(DATA PROVIDED)
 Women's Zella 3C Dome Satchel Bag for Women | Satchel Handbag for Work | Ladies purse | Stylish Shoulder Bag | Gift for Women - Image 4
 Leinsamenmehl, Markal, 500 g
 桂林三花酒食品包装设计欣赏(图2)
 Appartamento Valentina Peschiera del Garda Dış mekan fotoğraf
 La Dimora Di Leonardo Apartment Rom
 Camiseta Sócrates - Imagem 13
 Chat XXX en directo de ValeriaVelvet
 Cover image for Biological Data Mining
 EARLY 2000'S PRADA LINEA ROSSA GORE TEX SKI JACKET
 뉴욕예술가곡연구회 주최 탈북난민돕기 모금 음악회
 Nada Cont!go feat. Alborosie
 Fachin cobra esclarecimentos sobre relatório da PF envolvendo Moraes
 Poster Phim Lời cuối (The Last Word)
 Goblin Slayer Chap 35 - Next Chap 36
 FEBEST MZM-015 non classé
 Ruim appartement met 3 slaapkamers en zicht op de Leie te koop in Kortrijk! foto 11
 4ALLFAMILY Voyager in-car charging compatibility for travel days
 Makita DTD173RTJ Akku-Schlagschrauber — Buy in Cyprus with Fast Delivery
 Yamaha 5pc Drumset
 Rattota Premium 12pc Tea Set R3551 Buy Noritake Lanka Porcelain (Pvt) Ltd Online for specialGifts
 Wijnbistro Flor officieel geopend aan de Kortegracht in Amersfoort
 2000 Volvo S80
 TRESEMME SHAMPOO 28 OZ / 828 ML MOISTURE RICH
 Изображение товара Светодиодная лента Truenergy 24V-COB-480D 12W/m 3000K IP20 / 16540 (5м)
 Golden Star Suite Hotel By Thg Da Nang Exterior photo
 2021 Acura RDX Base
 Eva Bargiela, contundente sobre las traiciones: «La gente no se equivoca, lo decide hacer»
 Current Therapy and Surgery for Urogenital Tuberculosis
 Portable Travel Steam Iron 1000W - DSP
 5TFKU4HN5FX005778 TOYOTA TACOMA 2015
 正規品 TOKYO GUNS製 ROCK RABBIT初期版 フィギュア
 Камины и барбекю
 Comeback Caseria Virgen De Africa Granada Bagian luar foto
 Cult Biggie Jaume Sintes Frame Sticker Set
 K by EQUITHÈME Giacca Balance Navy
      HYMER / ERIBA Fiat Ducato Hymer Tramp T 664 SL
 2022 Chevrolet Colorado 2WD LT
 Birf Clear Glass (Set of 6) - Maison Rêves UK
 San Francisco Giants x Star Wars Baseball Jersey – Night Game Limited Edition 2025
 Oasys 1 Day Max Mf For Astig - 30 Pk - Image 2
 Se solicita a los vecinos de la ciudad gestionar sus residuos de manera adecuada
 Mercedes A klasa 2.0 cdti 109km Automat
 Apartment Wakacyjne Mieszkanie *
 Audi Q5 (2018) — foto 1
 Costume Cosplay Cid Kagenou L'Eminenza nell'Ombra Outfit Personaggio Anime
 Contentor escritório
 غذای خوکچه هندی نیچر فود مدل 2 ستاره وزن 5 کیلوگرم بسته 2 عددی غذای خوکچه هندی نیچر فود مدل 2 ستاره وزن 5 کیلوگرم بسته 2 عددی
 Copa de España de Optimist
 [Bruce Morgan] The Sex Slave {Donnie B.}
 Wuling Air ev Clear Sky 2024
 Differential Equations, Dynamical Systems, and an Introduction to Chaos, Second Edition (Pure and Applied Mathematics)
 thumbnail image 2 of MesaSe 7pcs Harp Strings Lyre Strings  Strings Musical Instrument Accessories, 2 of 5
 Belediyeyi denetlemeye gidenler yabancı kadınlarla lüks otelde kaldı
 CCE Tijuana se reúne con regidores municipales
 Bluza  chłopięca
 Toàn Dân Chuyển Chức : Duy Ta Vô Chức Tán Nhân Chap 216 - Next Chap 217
(End DATA PROVIDED)
INSTRUCTIONS TO FOLLOW: I'd like the lines above from the one with "EARLY 2000'S PRADA" up to and including the one with "Wijnbistro Flor officieel" copied exactly, with no other lines.

WRITTEN SOLUTION:
 EARLY 2000'S PRADA LINEA ROSSA GORE TEX SKI JACKET
 뉴욕예술가곡연구회 주최 탈북난민돕기 모금 음악회
 Nada Cont!go feat. Alborosie
 Fachin cobra esclarecimentos sobre relatório da PF envolvendo Moraes
 Poster Phim Lời cuối (The Last Word)
 Goblin Slayer Chap 35 - Next Chap 36
 FEBEST MZM-015 non classé
 Ruim appartement met 3 slaapkamers en zicht op de Leie te koop in Kortrijk! foto 11
 4ALLFAMILY Voyager in-car charging compatibility for travel days
 Makita DTD173RTJ Akku-Schlagschrauber — Buy in Cyprus with Fast Delivery
 Yamaha 5pc Drumset
 Rattota Premium 12pc Tea Set R3551 Buy Noritake Lanka Porcelain (Pvt) Ltd Online for specialGifts
 Wijnbistro Flor officieel geopend aan de Kortegracht in Amersfoort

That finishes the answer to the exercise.